What is being asked:
From the data below, retype exactly the lines starting with the one that contains "View of the" and ending with the one that contains "Saudi Man Pointing", both included.

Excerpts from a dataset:
____________

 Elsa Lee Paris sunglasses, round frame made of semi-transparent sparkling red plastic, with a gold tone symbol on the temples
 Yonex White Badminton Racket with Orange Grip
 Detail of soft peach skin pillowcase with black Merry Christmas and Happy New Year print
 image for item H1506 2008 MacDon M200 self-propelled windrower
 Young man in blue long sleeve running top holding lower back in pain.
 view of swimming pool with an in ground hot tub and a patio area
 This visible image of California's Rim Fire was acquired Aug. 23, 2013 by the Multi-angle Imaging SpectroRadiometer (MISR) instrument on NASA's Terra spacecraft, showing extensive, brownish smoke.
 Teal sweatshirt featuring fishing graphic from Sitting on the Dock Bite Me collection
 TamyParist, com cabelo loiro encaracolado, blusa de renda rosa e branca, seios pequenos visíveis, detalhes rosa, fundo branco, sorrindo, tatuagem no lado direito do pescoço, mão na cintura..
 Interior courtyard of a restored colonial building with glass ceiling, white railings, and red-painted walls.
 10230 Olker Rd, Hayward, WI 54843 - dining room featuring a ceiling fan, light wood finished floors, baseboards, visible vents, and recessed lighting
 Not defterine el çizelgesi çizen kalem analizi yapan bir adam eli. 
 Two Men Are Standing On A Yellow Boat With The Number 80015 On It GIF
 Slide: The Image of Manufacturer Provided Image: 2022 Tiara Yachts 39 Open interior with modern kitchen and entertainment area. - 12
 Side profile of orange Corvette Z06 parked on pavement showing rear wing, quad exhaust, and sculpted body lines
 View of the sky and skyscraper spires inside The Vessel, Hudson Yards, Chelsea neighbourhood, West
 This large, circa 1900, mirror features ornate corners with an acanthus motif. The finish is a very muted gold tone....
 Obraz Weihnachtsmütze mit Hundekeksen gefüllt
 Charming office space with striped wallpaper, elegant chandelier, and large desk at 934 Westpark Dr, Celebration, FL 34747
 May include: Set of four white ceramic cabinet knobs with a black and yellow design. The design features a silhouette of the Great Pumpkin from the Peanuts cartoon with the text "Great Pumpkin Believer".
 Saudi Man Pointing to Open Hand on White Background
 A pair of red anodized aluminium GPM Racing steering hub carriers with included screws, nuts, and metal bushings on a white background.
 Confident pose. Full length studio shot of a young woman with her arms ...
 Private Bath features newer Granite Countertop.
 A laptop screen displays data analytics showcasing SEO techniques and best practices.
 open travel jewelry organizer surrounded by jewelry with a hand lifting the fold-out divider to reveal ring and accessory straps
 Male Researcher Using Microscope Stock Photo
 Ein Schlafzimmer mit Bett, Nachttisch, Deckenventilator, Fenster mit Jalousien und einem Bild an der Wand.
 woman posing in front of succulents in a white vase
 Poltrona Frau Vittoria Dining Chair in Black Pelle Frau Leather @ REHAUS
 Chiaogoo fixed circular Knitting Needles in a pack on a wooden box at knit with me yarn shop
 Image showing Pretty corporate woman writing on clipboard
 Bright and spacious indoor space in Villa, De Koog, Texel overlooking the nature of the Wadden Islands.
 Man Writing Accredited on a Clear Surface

____________

Exercise result:
 View of the sky and skyscraper spires inside The Vessel, Hudson Yards, Chelsea neighbourhood, West
 This large, circa 1900, mirror features ornate corners with an acanthus motif. The finish is a very muted gold tone....
 Obraz Weihnachtsmütze mit Hundekeksen gefüllt
 Charming office space with striped wallpaper, elegant chandelier, and large desk at 934 Westpark Dr, Celebration, FL 34747
 May include: Set of four white ceramic cabinet knobs with a black and yellow design. The design features a silhouette of the Great Pumpkin from the Peanuts cartoon with the text "Great Pumpkin Believer".
 Saudi Man Pointing to Open Hand on White Background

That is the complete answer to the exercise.